(Web page caption snippets)
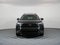 2023 Toyota Corolla Cross XLE AWD *1-OWNER*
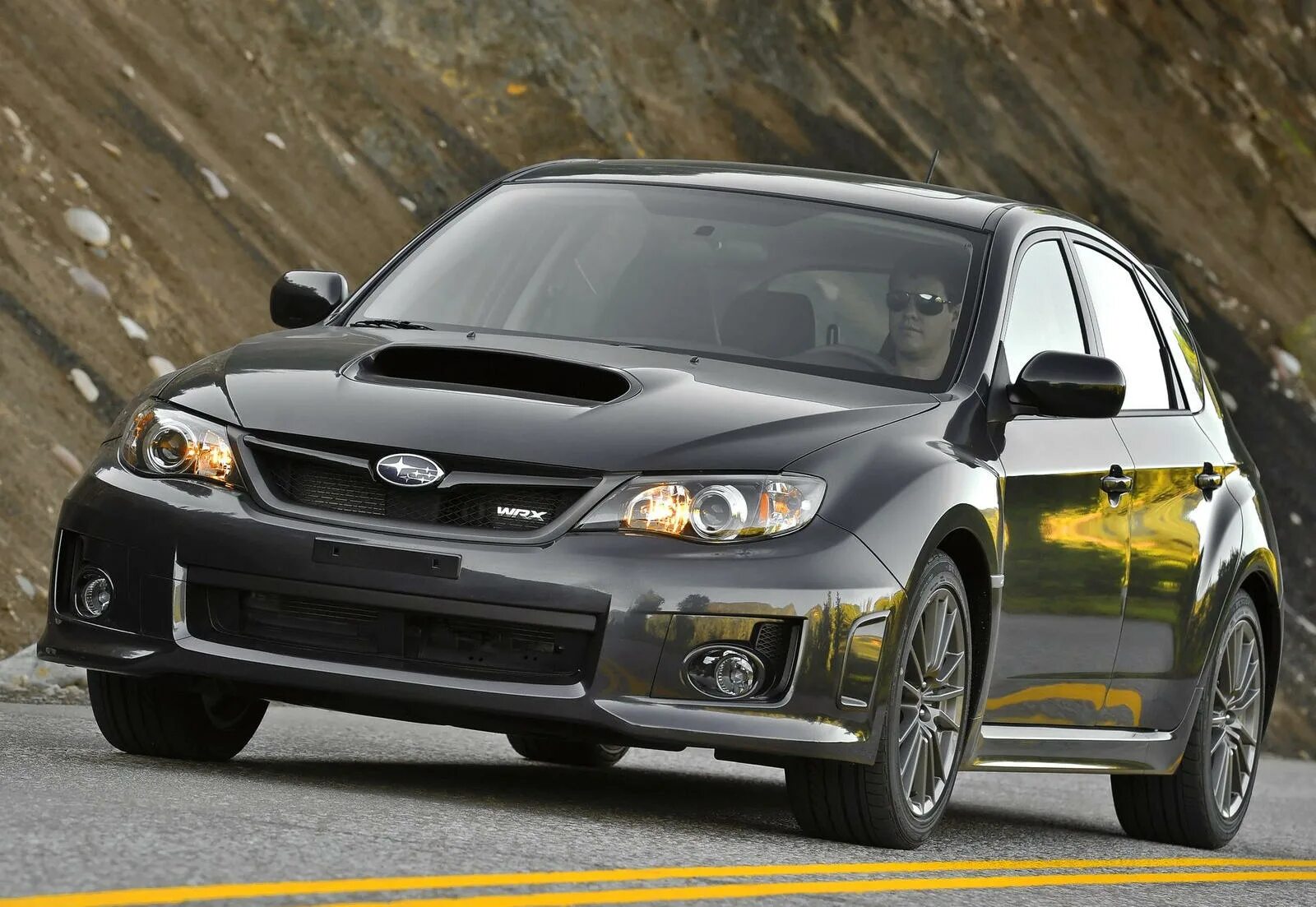 импреза 2011 года. импреза 2011 года. Subaru impreza wrx sti 2011. субару импреза wrx 2011. импреза 2011 года.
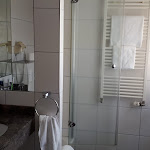 Photo n°3 de l'avis de Bernd.k fait le 25/08/2018 à 12:44 sur le  Gasthof Schmitt à Neuhof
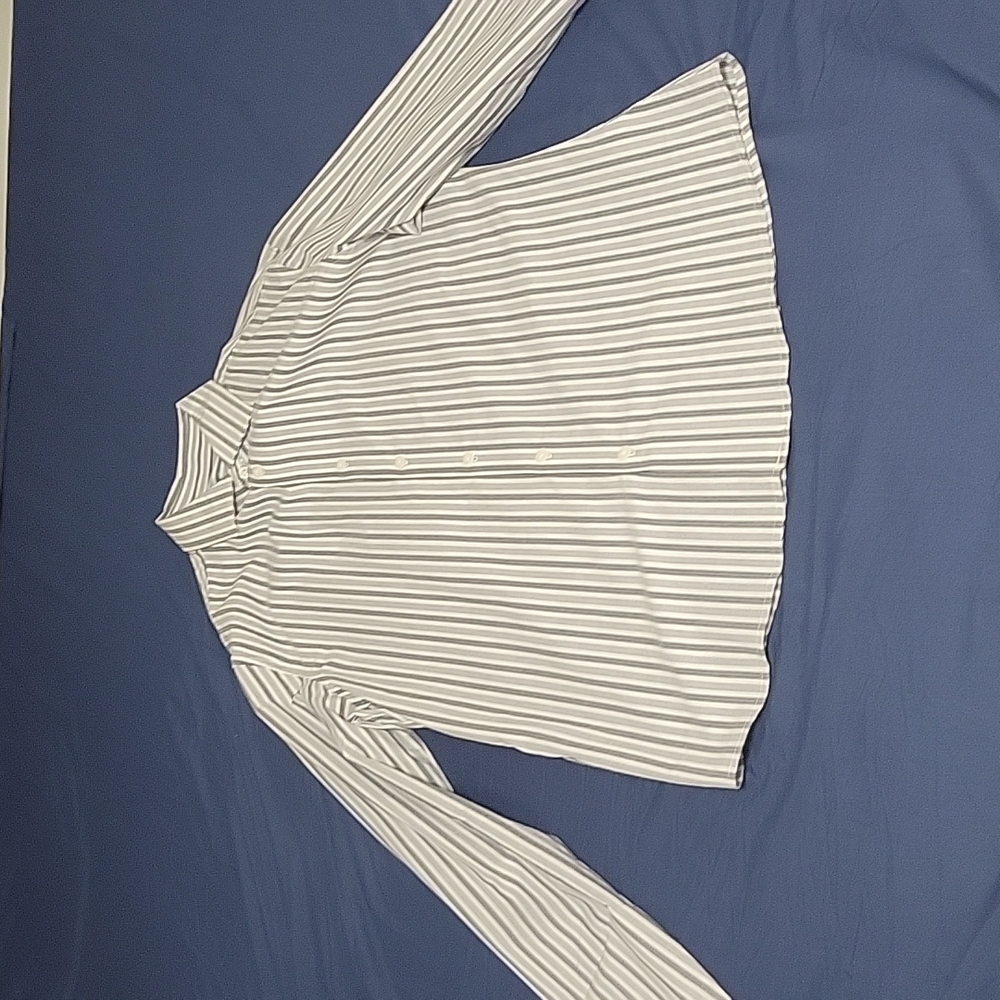 Men's Asos Dress Shirt Medium New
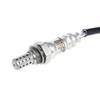 Delphi ES20280-12B1 Lambda Sensor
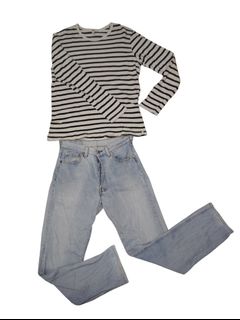 (Category: ) located in . Submitted by d_vintagestore (Listing ID 1348779409, Image 1). Description: .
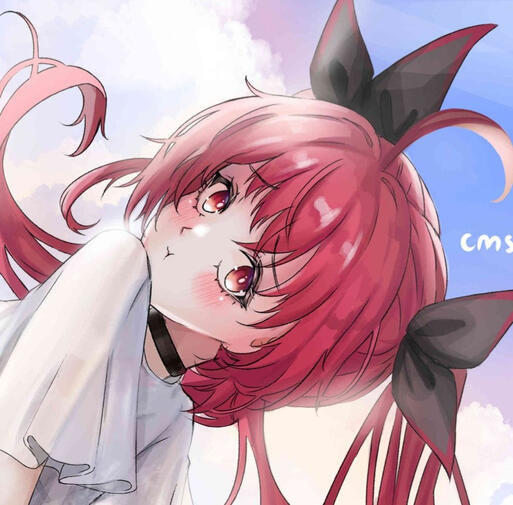 Isuka Kotori(DAL x AL)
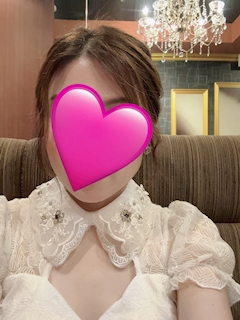 プロフィール写真1・ゆづき|淑女倶楽部 旬響・オト - 宗右衛門町の熟女パブ/熟女キャバクラ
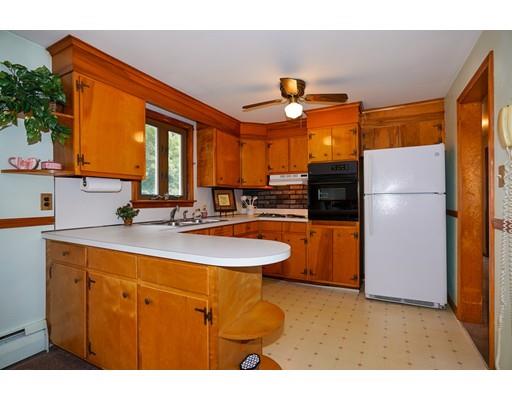 1 Ellen Road Burlington, MA 01803 - Photo 16 of 30 Gallery Image 16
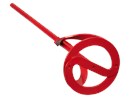 P-02331_C8L0.png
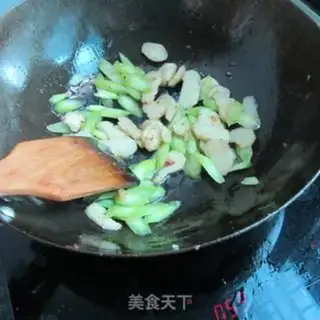Make Snack step 3
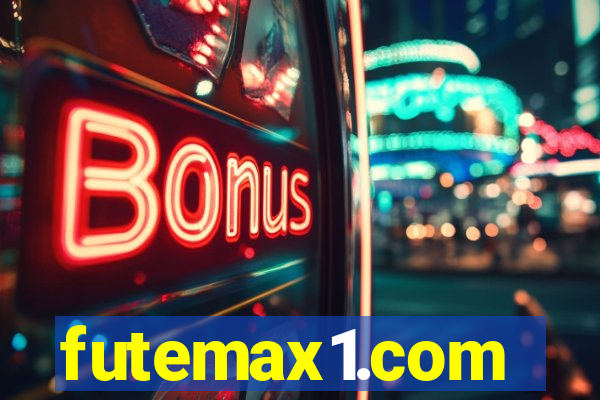 futemax1.com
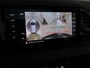 Skoda Karoq 1.5 TSI ACT Sportline Business 150 pk Automaat (DSG) | Verlengde garantie | Navigatie | Panoramadak | Parkeersensoren (Park assist) | Rondomzicht camera | Stoelverwarming v/a |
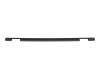 Lenovo ThinkPad L13 Yoga Gen 3 (21BB/21BC) Original Leiste schwarz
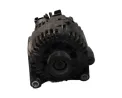 Alternateur BMW SERIE 3 E90 PHASE 2 Diesel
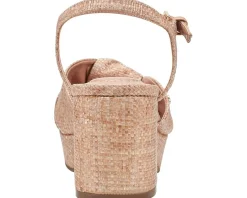 Women Bandolino Women's Prezley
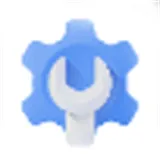 ���ȹ�����(�ֻ��๦�ܹ���)v1.2 �ٷ�����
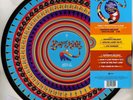 The Sugarhill Gang - Essential Cuts Zoetrope P (Vinyl LP - 2025 - EU - Original)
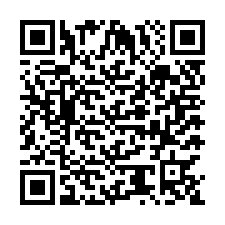 code scan APE 2454Z  IDCC 2755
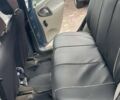 ВАЗ 1119 Калина, об'ємом двигуна 1.6 л та пробігом 136 тис. км за 1900 $, фото 3 на Automoto.ua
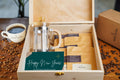 French Press Ultimate Brewing Gift Set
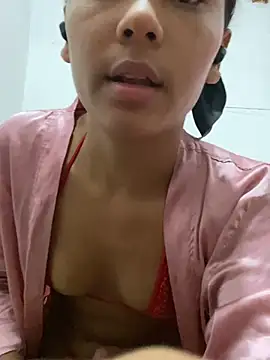 Andrea715515 online show from July 25, 8:34 am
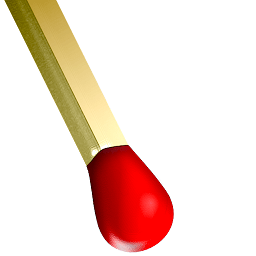 火柴解谜游戏手机版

(TASK PROMPT) Please output all of the entries above exactly, but without any picture.

(ANSWER SPACE)
 2023 Toyota Corolla Cross XLE AWD *1-OWNER*
 импреза 2011 года. импреза 2011 года. Subaru impreza wrx sti 2011. субару импреза wrx 2011. импреза 2011 года.
 Photo n°3 de l'avis de Bernd.k fait le 25/08/2018 à 12:44 sur le  Gasthof Schmitt à Neuhof
 Men's Asos Dress Shirt Medium New
 Delphi ES20280-12B1 Lambda Sensor
 (Category: ) located in . Submitted by d_vintagestore (Listing ID 1348779409, Image 1). Description: .
 Isuka Kotori(DAL x AL)
 プロフィール写真1・ゆづき|淑女倶楽部 旬響・オト - 宗右衛門町の熟女パブ/熟女キャバクラ
 1 Ellen Road Burlington, MA 01803 - Photo 16 of 30 Gallery Image 16
 P-02331_C8L0.png
Make Snack step 3
 futemax1.com
 Skoda Karoq 1.5 TSI ACT Sportline Business 150 pk Automaat (DSG) | Verlengde garantie | Navigatie | Panoramadak | Parkeersensoren (Park assist) | Rondomzicht camera | Stoelverwarming v/a |
 Lenovo ThinkPad L13 Yoga Gen 3 (21BB/21BC) Original Leiste schwarz
 Alternateur BMW SERIE 3 E90 PHASE 2 Diesel
 Women Bandolino Women's Prezley
 ���ȹ�����(�ֻ��๦�ܹ���)v1.2 �ٷ�����
 The Sugarhill Gang - Essential Cuts Zoetrope P (Vinyl LP - 2025 - EU - Original)
 code scan APE 2454Z  IDCC 2755
 ВАЗ 1119 Калина, об'ємом двигуна 1.6 л та пробігом 136 тис. км за 1900 $, фото 3 на Automoto.ua
 French Press Ultimate Brewing Gift Set
 Andrea715515 online show from July 25, 8:34 am
 火柴解谜游戏手机版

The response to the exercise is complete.